2 Replies Latest reply on Aug 17, 2010 4:37 AM by genaganna

    clEnqueueNativeKernel user_func calling convention?

    danbartlett@ntlworld.com

      Hi, what is the calling convention for user_funcs used in clEnqueueNativeKernel?  By trial and error it seems to be cdecl (on MS Windows), but it should really state what convention should be used in the spec, because otherwise different implementors may use different calling conventions (like what happened with early version of OpenCL).  I'm using Delphi, and I assumed the calling convention would stdcall on MS Windows like the rest of the OpenCL functions, but using this it would crash after returning from the native kernel.

      Also related to this, in the new OpenGL extension "GL_ARB_debug_output", http://www.opengl.org/registry/specs/ARB/debug_output.txt it states that the callback function used there use the same calling convention as the GL functions, so maybe OpenCL should require this too? (If this were to happen, it would require AMD changing the calling convention currently used - they've only just enabled native kernels, so should probably be done ASAP if this happens).

      I've attached the code I used to test, in case I've made any mistake, or if anyone wants to see some example code using clEnqueueNativeKernel.

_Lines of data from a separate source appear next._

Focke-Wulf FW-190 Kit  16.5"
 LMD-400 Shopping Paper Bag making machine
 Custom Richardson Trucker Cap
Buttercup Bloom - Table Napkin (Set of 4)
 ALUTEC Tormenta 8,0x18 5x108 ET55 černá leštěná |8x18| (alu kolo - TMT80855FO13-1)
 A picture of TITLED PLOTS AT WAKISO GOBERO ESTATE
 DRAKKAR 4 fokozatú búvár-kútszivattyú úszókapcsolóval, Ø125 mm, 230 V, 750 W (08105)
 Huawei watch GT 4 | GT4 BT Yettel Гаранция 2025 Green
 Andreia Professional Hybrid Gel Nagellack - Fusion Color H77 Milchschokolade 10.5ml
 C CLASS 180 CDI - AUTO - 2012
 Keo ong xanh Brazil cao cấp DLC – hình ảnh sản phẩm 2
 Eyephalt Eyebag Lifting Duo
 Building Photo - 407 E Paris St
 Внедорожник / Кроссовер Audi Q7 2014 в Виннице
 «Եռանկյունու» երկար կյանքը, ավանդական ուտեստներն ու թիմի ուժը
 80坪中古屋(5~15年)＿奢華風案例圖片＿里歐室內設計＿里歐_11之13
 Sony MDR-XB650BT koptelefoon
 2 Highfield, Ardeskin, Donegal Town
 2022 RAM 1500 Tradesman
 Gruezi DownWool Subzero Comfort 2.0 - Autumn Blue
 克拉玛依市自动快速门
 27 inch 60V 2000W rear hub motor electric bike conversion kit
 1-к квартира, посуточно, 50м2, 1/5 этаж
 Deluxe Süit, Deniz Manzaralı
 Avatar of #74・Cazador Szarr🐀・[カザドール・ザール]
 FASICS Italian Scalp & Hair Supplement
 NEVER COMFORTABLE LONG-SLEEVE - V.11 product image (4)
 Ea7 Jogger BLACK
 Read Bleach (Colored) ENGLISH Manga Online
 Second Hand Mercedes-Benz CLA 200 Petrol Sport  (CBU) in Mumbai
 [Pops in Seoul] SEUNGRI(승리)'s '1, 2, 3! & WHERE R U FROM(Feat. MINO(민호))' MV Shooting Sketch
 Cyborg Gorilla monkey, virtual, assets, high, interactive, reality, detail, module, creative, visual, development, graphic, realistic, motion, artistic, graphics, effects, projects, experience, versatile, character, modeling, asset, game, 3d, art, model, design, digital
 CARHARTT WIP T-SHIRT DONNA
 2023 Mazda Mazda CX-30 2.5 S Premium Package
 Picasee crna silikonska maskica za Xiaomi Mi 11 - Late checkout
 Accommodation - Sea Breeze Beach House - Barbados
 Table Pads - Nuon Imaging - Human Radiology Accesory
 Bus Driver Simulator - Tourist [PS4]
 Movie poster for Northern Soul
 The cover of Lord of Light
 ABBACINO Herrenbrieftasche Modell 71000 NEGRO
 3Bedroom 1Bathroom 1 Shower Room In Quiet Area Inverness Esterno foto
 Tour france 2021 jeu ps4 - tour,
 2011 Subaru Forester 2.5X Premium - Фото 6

      type TMyArgs = record First: Integer; Last: Integer; ValToAdd: Integer; InputBuffer: PSingleArray; OutputBuffer: PSingleArray; end; procedure MyProc(var args: TMyArgs); cdecl; var I: Integer; begin for I := args.First to args.Last do args.OutputBuffer[i] := args.InputBuffer[i] + args.ValToAdd; end; procedure TForm30.Button5Click(Sender: TObject); var status: Tcl_int; I: Integer; args: TMyArgs; clmem_list: array[0..1] of Tcl_mem; args_mem_loc: array[0..1] of Pointer; begin // Fill our mem list clmem_list[0] := inputBuffer.Handle; clmem_list[1] := outputBuffer.Handle; // Find the addresses of the fields that hold mem objects args_mem_loc[0] := @args.InputBuffer; args_mem_loc[1] := @args.OutputBuffer; // We want to add 42 to items 0..5 args.First := 0; args.Last := 5; args.ValToAdd := 42; // note: clEnqueueNativeKernel will fill the // args.InputBuffer + args.OutputBuffer fields for us, // since we have told it the location of these fields by providing their address // in the args_mem_loc array. // Run native kernel status := clEnqueueNativeKernel(queue.Handle, @MyProc, @args, SizeOf(TMyArgs), 2, @clmem_list, @args_mem_loc, 0, nil, nil); if status<>CL_SUCCESS then Exit(); // Add 100 to items 8..10 args.First := 8; args.Last := 10; args.ValToAdd := 100; // Run native kernel status := clEnqueueNativeKernel(queue.Handle, @MyProc, @args, SizeOf(TMyArgs), 2, @clmem_list, @args_mem_loc, 0, nil, nil); if status<>CL_SUCCESS then Exit(); // Force the code to run status := clFinish(queue.Handle); if status<>CL_SUCCESS then Exit(); // Now display the results (CL_MEM_USE_HOST_PTR was used) for I := 0 to 9 do begin memo2.Lines.Add(FloatToStr(outputs[I])); end; end;

        • clEnqueueNativeKernel user_func calling convention?
          Illusio

          Interesting problem. I ended up with having to use cdecl as well -  from the C# side, so I guess there's a fair chance that this is a case where the standard should get a minor patch if it wants to be portable. Or at least it would be a good idea if the hardware vendors decided to agree on a calling convention for the major platforms.

          Anyone know if nVidia supports this function yet, and if so - are they incompatible with the current ATI driver?

           

            • clEnqueueNativeKernel user_func calling convention?
              genaganna

               

              Originally posted by: Illusio Interesting problem. I ended up with having to use cdecl as well -  from the C# side, so I guess there's a fair chance that this is a case where the standard should get a minor patch if it wants to be portable. Or at least it would be a good idea if the hardware vendors decided to agree on a calling convention for the major platforms.

               

              Anyone know if nVidia supports this function yet, and if so - are they incompatible with the current ATI driver?

               

               



              We are incorrectly using cdecl on windows. Probably we end up with stdcall in windows.